Codex: no review without billing

Codex did not complete the evaluation because the token budget was exhausted.

I was offered a very modern choice: wait for a reset, or pay more.

You can imagine my answer.

Does AI loves monoliths? What I learned

I have to admit that I did not create 300 ultra-detailed instructions for the agents in this project. It was a prototype, and I did not want to spend too much time writing and validating rules before I even knew whether the idea was worth pursuing.

Still, the results were interesting.

The biggest lesson was how bad the frontend code became.

Coming from Angular, it feels almost unnatural to build everything as one giant monolith. But without strong instructions, LLMs often drift toward exactly that style: inline logic, mixed responsibilities, giant files, and almost no real component structure.

I noticed the same pattern in other stacks too. In Angular, they happily mix HTML, CSS, and TypeScript inline and keep growing the same class. In Python, if you do not force a multi-file structure, they keep adding more code into the same file forever.

A valid theory could be that monoliths are easier for the model. The context is all in one place, so it keeps appending code instead of designing structure.
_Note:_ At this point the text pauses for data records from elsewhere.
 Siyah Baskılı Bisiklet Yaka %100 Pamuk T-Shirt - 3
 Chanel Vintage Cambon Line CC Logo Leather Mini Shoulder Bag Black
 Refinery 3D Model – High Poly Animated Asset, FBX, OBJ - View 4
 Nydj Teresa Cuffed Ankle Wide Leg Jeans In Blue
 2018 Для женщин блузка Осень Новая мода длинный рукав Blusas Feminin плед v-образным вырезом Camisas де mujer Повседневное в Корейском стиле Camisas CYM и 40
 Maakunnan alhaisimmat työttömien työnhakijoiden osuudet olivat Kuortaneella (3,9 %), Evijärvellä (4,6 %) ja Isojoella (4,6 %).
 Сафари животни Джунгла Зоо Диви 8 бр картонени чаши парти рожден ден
That may be convenient for the LLM.

It is terrible for the human who has to debug the result later, especially when the agent runs out of tokens and leaves in the middle of a half-finished refactoring.
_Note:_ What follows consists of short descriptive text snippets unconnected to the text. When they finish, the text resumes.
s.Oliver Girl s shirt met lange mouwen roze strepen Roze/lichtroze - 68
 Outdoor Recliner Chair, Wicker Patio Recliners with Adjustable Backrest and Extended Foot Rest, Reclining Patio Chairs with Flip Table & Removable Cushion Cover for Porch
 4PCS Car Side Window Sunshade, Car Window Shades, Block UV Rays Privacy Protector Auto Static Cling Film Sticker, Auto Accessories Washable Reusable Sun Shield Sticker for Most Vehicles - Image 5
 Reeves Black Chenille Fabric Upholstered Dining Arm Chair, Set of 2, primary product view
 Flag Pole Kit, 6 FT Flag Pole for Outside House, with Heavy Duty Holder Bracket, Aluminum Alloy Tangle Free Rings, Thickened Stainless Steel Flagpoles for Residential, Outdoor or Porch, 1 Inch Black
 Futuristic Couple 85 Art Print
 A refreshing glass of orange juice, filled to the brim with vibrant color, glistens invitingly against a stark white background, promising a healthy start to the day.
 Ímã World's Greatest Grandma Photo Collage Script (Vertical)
Skill issue? Are we Project Managers now?

Some people could argue that this is not a real problem, but simply a skill issue. In this project, I did not enforce strict rules or detailed constraints. In other projects, I use much more structured setups with agents, sub-agents, skills, and explicit guidelines.

I plan to repeat the same evaluation on larger and more important projects to see how much those constraints actually improve the outcome.

However, this raises a deeper concern.

If LLMs do not reliably internalize good engineering practices, and instead require carefully designed systems of rules, agents, and coordination layers, then our role starts to shift. We are no longer just developers writing software — we become orchestrators of virtual teams.

In other words, we start behaving like project managers.

And that is ironic, because for many engineers, that is one of the least appealing roles (suject for lot of jokes in our community).

Final verdict

After asking three LLMs to evaluate code they had helped write, the pattern was surprisingly consistent:

Area	Score
Backend	7
Frontend	3
Testing	1
Maintainability	5

That is the part I find most interesting.

LLMs are incredible accelerators. They can help you explore ideas, build prototypes, generate features quickly, and enter unfamiliar technical areas much faster than before.

But speed is not the same as quality.

In my experience, they are much better at creating momentum than at preserving structure. They are good at making progress look impressive. They are much less reliable when it comes to maintainability, testing, boundaries, and long-term clarity.

So, how good is LLM-generated code?

My current answer is: good enough to impress you, often too messy to trust, and very expensive to ignore once the project grows.

Or, to put it more bluntly: sometimes it looks like a normal human project — just created ten times faster, and often ten times bigger.